Love Hultén creates tiny music stage for crowd of sperm and eggs


Swedish maker Love Hultén has collaborated with the country’s Way Out West music festival to create the Future Fan Stage for an audience of sperm and eggs awaiting IVF.

The Future Fan Stage combines elements of laboratory equipment and live music staging, with sound-reactive light effects, a performer represented by a reservoir of “dancing” ferrofluid, and racks of test tubes making up the crowd.

The stage is an initiative of the Way Out West festival, which wanted to bring attention to the importance of growth in the live music scene.

The idea came from one of the festival’s collaborators, the creative agency NORD DDB, after it found a study that showed that music improved the fertilisation rate during the process of in-vitro fertilisation (IVF).

The Future Fan Stage is meant to highlight the importance of live music

“We thought it would be cheeky to do something based on this,” Way Out West project manager Kimmie Winroth told Dezeen.

“If music can be so powerful at that stage, it surely underscores its importance and the need to keep the music scene alive.”

To realise the stage concept, the festival brought in Hultén, who is known for his one-off crafted synthesisers and other technological objects.

Hultén’s design encloses the stage within an all-white console inspired by various medical equipment.

“An interesting balance between med-laboratory components and live set ingredients was the goal here, and I tried to use strong visual references from both – often combined if possible,” said Hultén.

Photo of the Future Fan Stage with an arm dressed in a white lab coat nudging one of the faders
All of the switches and faders on the console are fully functional

The stage includes miniature custom spotlights, an LED backdrop and sound-responsive light effects, while other decorative elements are based on the look of medical isolation chambers.

A Bluetooth speaker system supplies the sound, while a reservoir of ferrofluid – dubbed “dancing black goo” by Hultén – stands on the centre of the stage and moves in time to the music thanks to a hidden electromagnet that reacts to the audio.

“I wanted to use smoke originally – a nice cross-reference to both medical sterilisation fogging and classic stage smoke effects, but we never used that in the end due to clinical reasons,” added Hultén.

The designer said that the console’s many switches, faders and dials are functional, controlling parameters such as the lighting, volume and Bluetooth pairing.

The small tube-like protrusions on the right-hand housing that look like they could be microscope-style ocular lenses are actually two speaker tweeters.

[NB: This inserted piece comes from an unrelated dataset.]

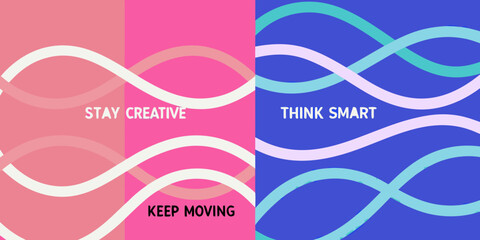 Abstract colorful background with looping lines and motivational text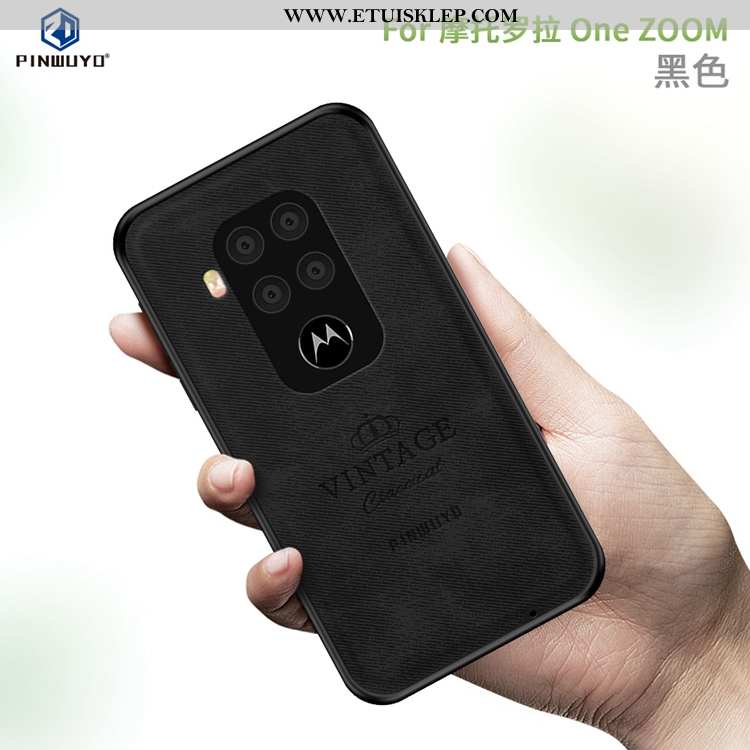 Futerał Motorola One Zoom Cienkie Super Wysoki Koniec Płótno Czarny Oferta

Below them, a waveform audio visualiser on a circular display echoes the look of a cardiac monitor.

The Future Fan Stage was installed at a real IVF clinic, Elivia in Stockholm, where it played recorded live music from some of Way Out West’s 2024 headlining acts, such as Fred Again, Peggy Gou, Queens of the Stone Age and Pulp.

However, the test tubes were empty and the stage was not connected to any medical equipment so as not to intereference with the clinic’s standard procedures.

Hultén’s previous designs have included a wooden synthesiser that folds up like an old-fashioned toolbox and a glass-domed shrine to the Nintendo Entertainment System.